= Equitation science =

Equitation science is defined as "the application of scientific methods to assess objectively the welfare of horses undergoing training." It promotes an evidence-based understanding of horse-rider interactions. The goal is to apply valid, quantitative scientific methods to identify what training techniques are ineffective or painful, and to improve the horse-rider relationship by explaining horse training from a learning theory perspective that removes anthropomorphism and emotiveness. It can aid the training process by clarifying the roles of positive versus negative reinforcement, punishment, and by identifying stimuli that provoke unwanted responses or pain in horses. Equitation science uses psychological principles such as learning theory as well as equine ethology and biomechanics. It uses objective measures to score performance during training and competitions and identifies techniques that may result in equine suffering.

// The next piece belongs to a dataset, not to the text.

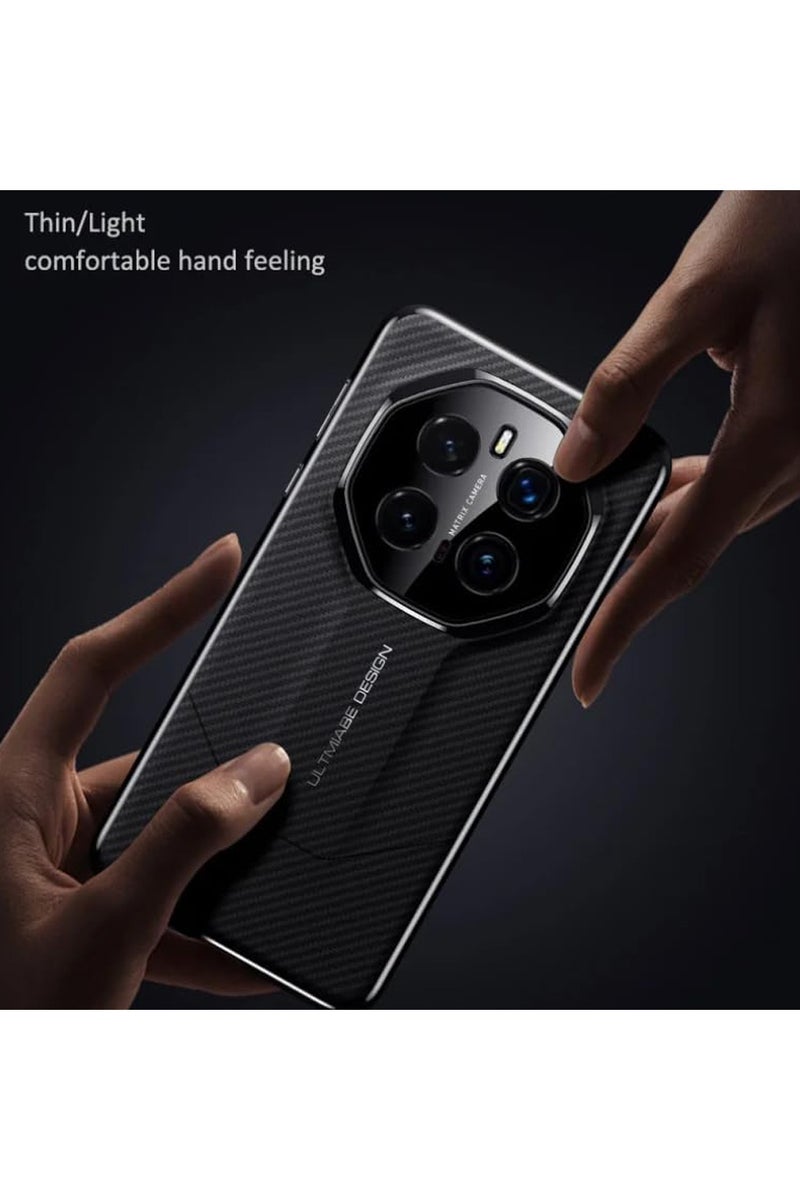 Case Compatible with Honor Magic 7 Pro Case Carbon Fiber Texture Electroplated PC Frame Camera Lens Protection Shockproof Protective Cover for Honor Magic7 Pro Black - Image 2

Recent technological advances have now made it possible to measure the strength of a rider's signals. Thus, riding concepts such as ‘contact’ and ‘lightness’ can now be evaluated with calibrated rein tension gauges, or via spurs and riding boots made from pressure-sensitive material. Radiographic studies can give insights into the horse's mouth – the position of different bit types and positional changes in response to rein tension. Measuring pressures beneath the saddle on the horse's back is valuable for assessing saddle fit and to circumvent back problems caused by ill-fitting saddles. Equitation science uses physiological measurements such as heart rate, blood, urine and saliva analyses to evaluate the comfort and stress level of the horse. It also evaluates behavioural indicators of ineffective horse-rider communication and conflict such as teeth grinding, tail swishing, rearing or bucking.

Using a multidisciplinary scientific approach that involves veterinarians, animal and behavioural scientists, psychologists, engineers, and professional riders and trainers, equitation science encourages the use of appropriate training techniques that result in fewer injuries and behavioural problems, enhance the horses’ lifespan and the safety of both horse and rider.

==International Society for Equitation Science (ISES)==
The International Society for Equitation Science (ISES) unites academics and practitioners. Its mission is to promote and encourage the application of objective research and advanced practice which will ultimately improve the welfare of horses in their associations with humans. During discussions following the Havemeyer Foundation Workshop on Horse Behavior and Welfare in Iceland in 2002, the idea of establishing a society devoted to equitation science was first raised. In 2007, the ISES was founded by individuals with expertise in various equine fields of knowledge from around the world.